Thursday 2 September 2010

From Samplers to Family History!

We have recently acquired some Victorian samplers embroidered by pupils at the old Wiston school (long since closed.) The samplers had their names on them, Alice and Eliza Worsfold, together with dates from 1889 to 1903 and the name of the school. As a keen family historian, I immediately set about researching the girls and their wider family.

I began by exploring down a rural track and found the old school, now converted into two private houses. Both owners were very helpful and lent me photos of the school and its pupils during the 1890s and 1900s. Some of the children in these photos were named on the back, including Eliza Worsfold and one of her brothers.

Back at the museum I delved into our archives. I used censuses to establish approximate birth dates. I then looked up Worsfold baptisms, marriages and burials in our copies of the parish registers at around this time. I found the seven brothers and sisters and their parents. As you can see in the Worsfold family tree, I was then able to trace backwards through other parish registers and civil registrations online. At this stage, I also discovered more about some of the other children on the photos.

Next, I made a visit to the West Sussex County Record Office in Chichester to read the school log book that spanned this period and I also checked through the school admissions register, which had some of the children’s birth dates as well as when they started at the school. This valuable information enabled me to date each of the photos and add more names, which was a great help.

When Alice Worsfold and her two elder siblings were born, and for the preceding two generations, this Worsfold family lived in Partridge Green (within the West Grinstead registration area).

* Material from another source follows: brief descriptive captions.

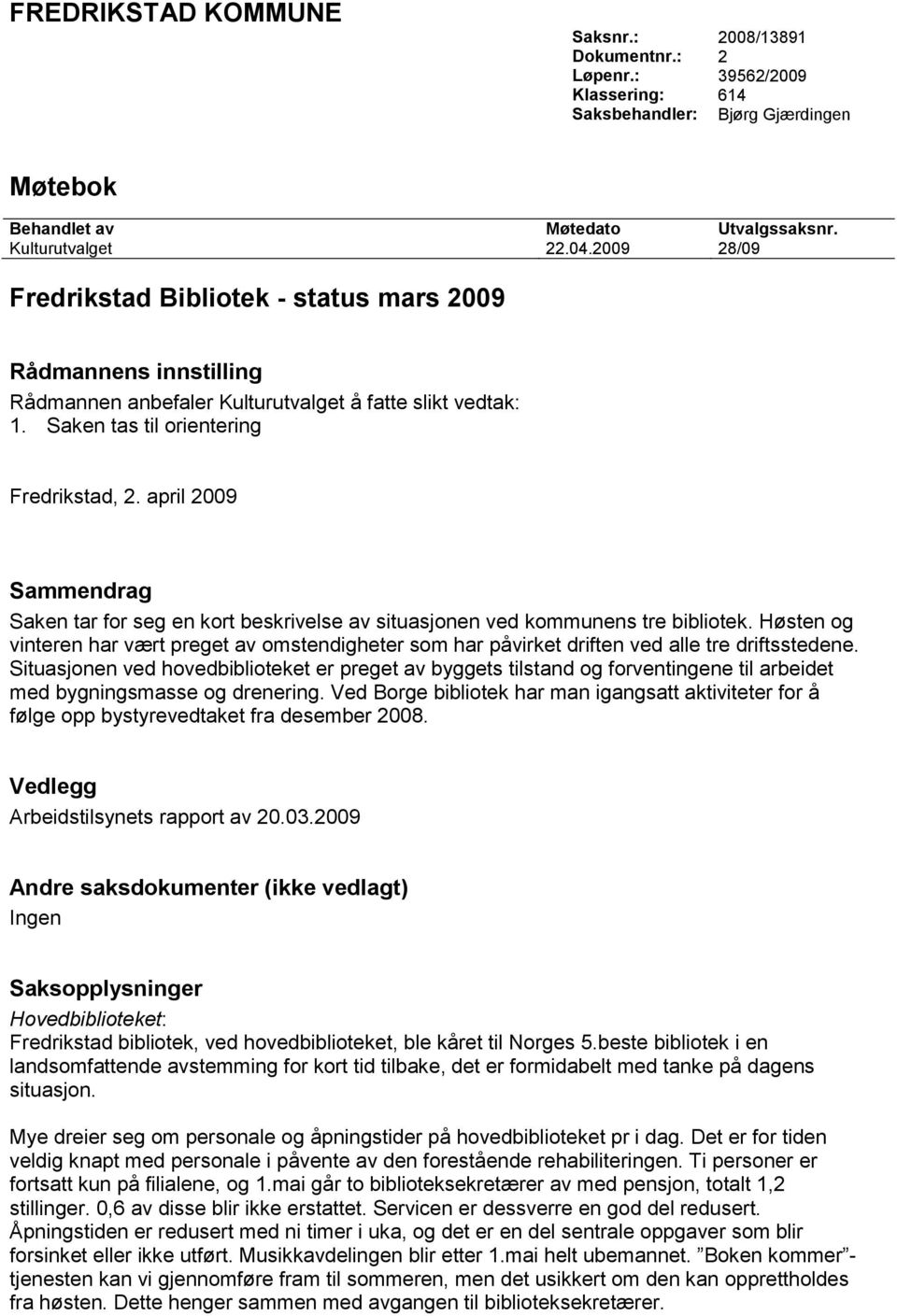 april 2009 Sammendrag Saken tar for seg en kort beskrivelse av situasjonen ved kommunens tre bibliotek.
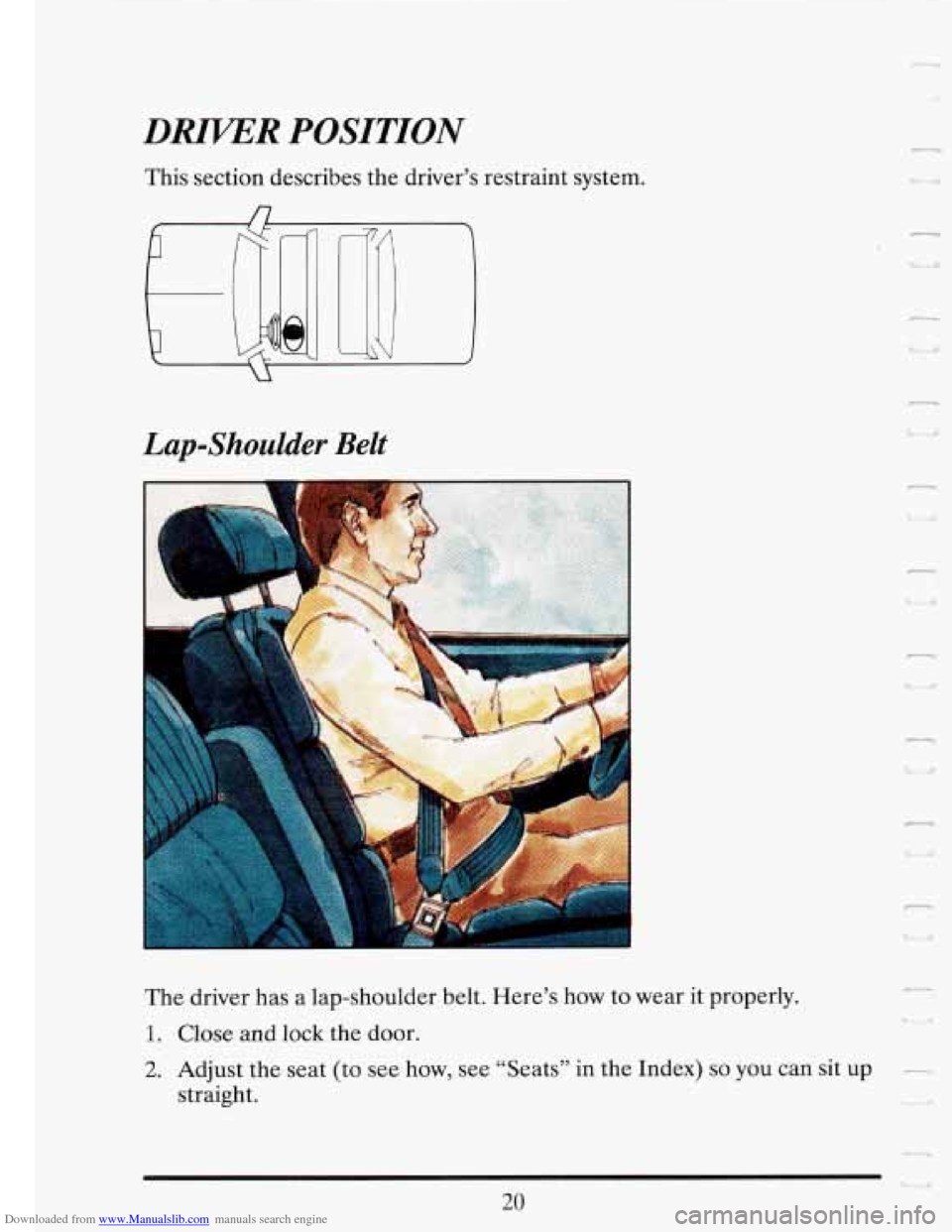 CADILLAC FLEETWOOD 1993 2.G Owners Manual Downloaded from www.Manualslib.com manuals search engine DRIVER POSITION 
This section  describes  the  driver’s 
Lap-Shoulder Belt 
restraint system. L 
The driver  has  a  lap-shoulder  belt.  Her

Between 1880 and 1882 they moved to Wiston, where they were settled by the time their fourth child Phyllis was born in 1882. In Wiston they lived at ‘Near Smith’s Shop’ and ‘Stocks Cottages’ and also at ‘New Cottages’ (or are these all the same place?). Whilst here, all the children attended Wiston and Buncton Parochial School. Their father, Edward, was one of the two sawyers listed as working at Wiston and a ‘Sawyer’s Wood’ on the Wiston Estate.

After 18 years in Wiston, they moved to Steyning around 1910, probably at about the time when Edward (born 1849) was admitted to the Sussex County Hospital (as it was then known) in Brighton, where he was a patient during the 1911 census. (It’s possible, as often happened, they might have been evicted from their Wiston home when Edward was no longer able to work on the estate.) His death was registered in Brighton rather than Steyning, so perhaps he remained a patient in that hospital, or in a nearby workhouse, until his death.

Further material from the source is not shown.